**EXERCISE PROMPT**
Return only the lines of the listing below that run from the line with "SEAT Arona /" through the line with "Betonklinkers vierkant 10", both ends included, exactly as written.

**SOURCE DATA**
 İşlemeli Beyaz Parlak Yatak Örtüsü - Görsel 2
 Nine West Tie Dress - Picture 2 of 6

...

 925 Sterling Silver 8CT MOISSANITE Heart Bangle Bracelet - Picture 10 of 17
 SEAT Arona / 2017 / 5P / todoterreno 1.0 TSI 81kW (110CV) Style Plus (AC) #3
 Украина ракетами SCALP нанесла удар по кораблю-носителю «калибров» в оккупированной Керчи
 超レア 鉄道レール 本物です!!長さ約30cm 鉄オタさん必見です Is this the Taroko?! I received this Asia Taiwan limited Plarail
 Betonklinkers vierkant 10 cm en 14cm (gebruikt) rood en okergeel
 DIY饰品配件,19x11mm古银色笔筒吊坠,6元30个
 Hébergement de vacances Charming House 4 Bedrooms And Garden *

**ANSWER SECTION**
 SEAT Arona / 2017 / 5P / todoterreno 1.0 TSI 81kW (110CV) Style Plus (AC) #3
 Украина ракетами SCALP нанесла удар по кораблю-носителю «калибров» в оккупированной Керчи
 超レア 鉄道レール 本物です!!長さ約30cm 鉄オタさん必見です Is this the Taroko?! I received this Asia Taiwan limited Plarail
 Betonklinkers vierkant 10 cm en 14cm (gebruikt) rood en okergeel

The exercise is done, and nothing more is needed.